Mystery of the Ineffable

As a layperson, the maximum extent of whose participation has been as a young altar boy, I am no expert - but I did attend Mass every Sunday for the first eighteen years of my life, and I feel that having experienced the Eucharist in this fashion, without preconceived adult ideas and concepts (although those were later super-imposed on my experience), gives me a fairly unique perspective.

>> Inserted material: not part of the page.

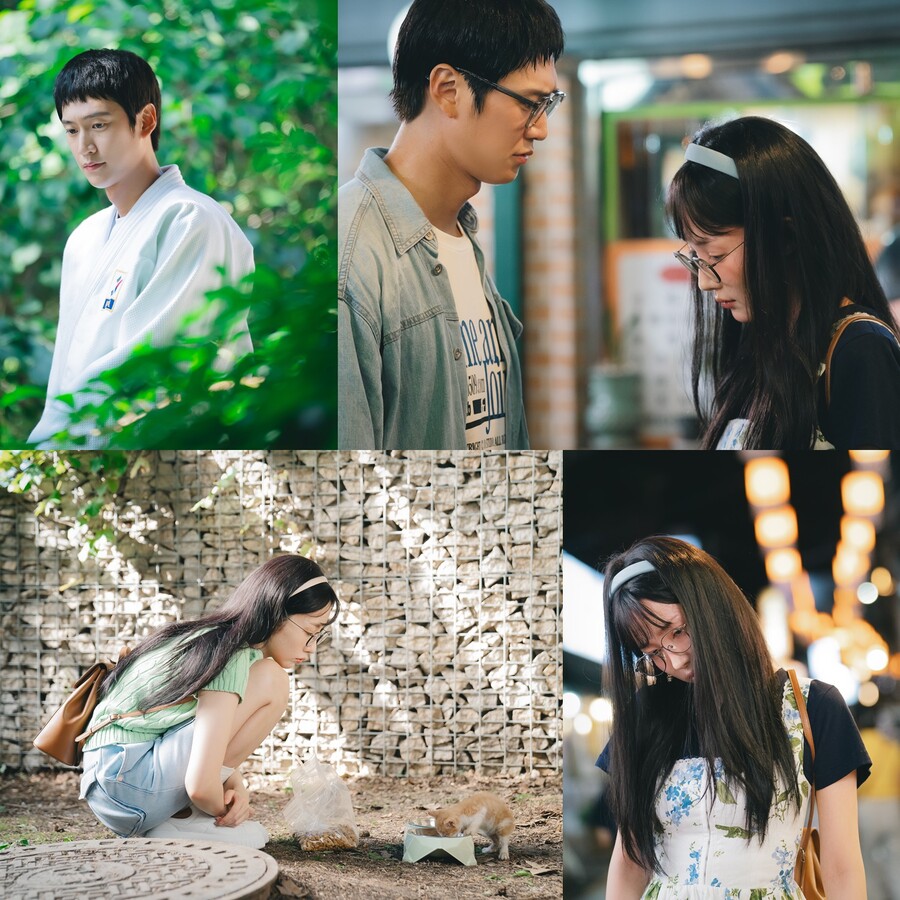 ▲ 제공|tvN '내 남편과 결혼해줘'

The point of the Eucharist is that the ritual allows the participants to tap into accumulated psychic energy of two thousand years of praxis, the flowing river of energy within the collective unconsciousness of untold millions of participants - nothing else in the Western tradition can provide this level of access (especially to simple congregation members). It is a very carefully crafted piece of ritual magic that bypasses the ego consciousness, and taps directly into our most personal selves. In a sense, my perspective makes me very much a religious conservative/traditionalist - I feel that when the liturgy departs from the praxis of our forebears (aside from minor language changes for gender equality and other items that don't affect the substance), we lessen our access to this flow of energy (or at least make it more difficult to tap into)... I felt this, particularly, one time when I visited a Catholic church - the Mass felt like form without substance.

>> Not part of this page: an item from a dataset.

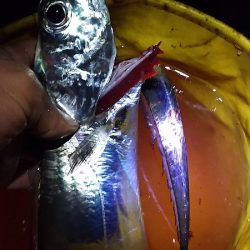 南芦屋浜へタチウオを釣りに行きました。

The presence of both congregations and clergy creates a dynamic give and take, and helps broaden and deepen the intensity of the experience. I don't think it is at all meant to be an esoteric thing - yes, it is reserved for those privileged few of us who have taken the first step on our own towards shedding the scales on our eyes, but it is essentially exoteric - not something reserved solely for the initiated.

When things flow well, the energy in the room is palpable, and even transformative (both to congregation and clergy, but especially the latter). The Eucharist creates an altered state of consciousness - especially for those of us who have spent years and years participating in a particular form of it (without ever consciously attempting to memorize, I can recite large chunks of our liturgy from memory - in fact, even now, I stumble over the two or three phrases that were changed sometime in the mid 1980s?), it clears your mind and prepares it for the experience of Gnosis in a way that is structured, and guided.

In my view, this is how the mystery of the ineffable happens in a group setting - each alone must experience it, but the Eucharist allows us to stand on the shoulders of our forebears, all the way back to the original teacher, "Do this is Remembrance of Me" - we are lifted up, and we lift up, lifting each other, we do not lift each other up (to paraphrase a fragment of the liturgy).